(WORK ITEM):
Below is a listing; retype exactly the line with "Carol and Wayne Osten cozy up near the tree." and every line after it through the end, and only those, leaving out the pictures.
***** DATASET SECTION *****
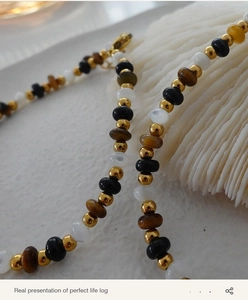 Macro view of Tiger Eye stone beads with gold spacers on white shell texture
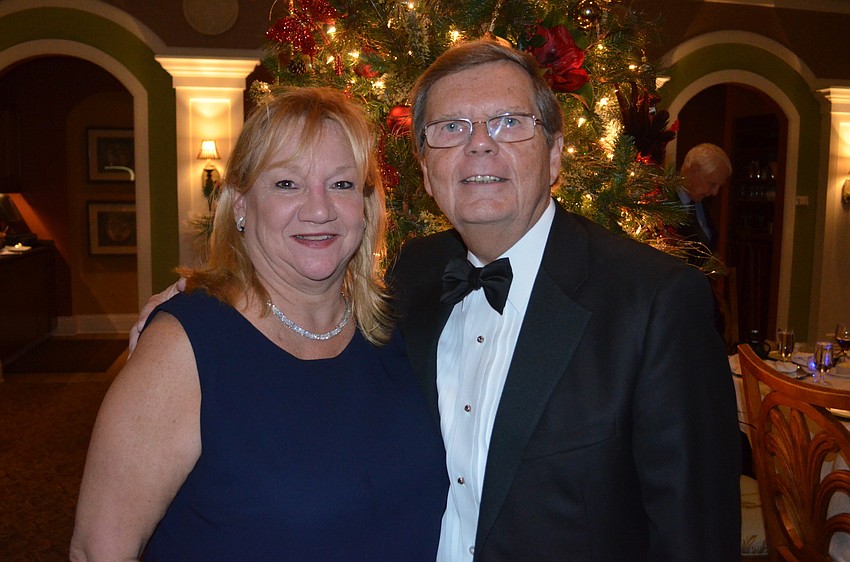 Carol and Wayne Osten cozy up near the tree.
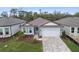 Beautiful home exterior with gray siding and brick driveway at 11509 Waterway Dr, Parrish, FL 34219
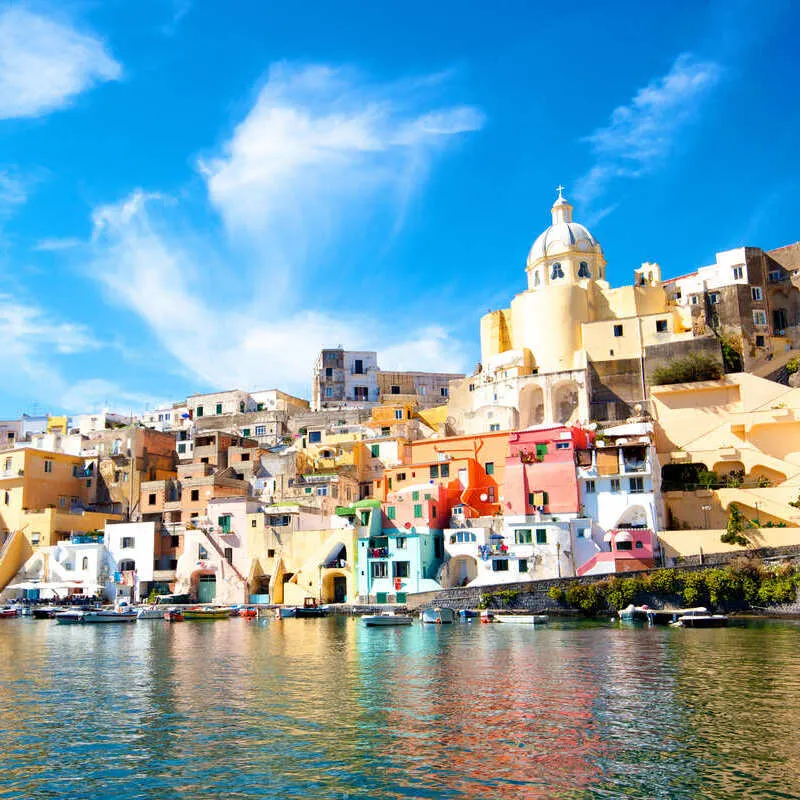Pastel Colored Town In The Island Of Procida, An Island Off The Mainland Amalfi Coast Near Naples, Campania, Southern Italy, Southern Mediterranean Europe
*****
(EXPECTED ANSWER):
 Carol and Wayne Osten cozy up near the tree.
 Beautiful home exterior with gray siding and brick driveway at 11509 Waterway Dr, Parrish, FL 34219
Pastel Colored Town In The Island Of Procida, An Island Off The Mainland Amalfi Coast Near Naples, Campania, Southern Italy, Southern Mediterranean Europe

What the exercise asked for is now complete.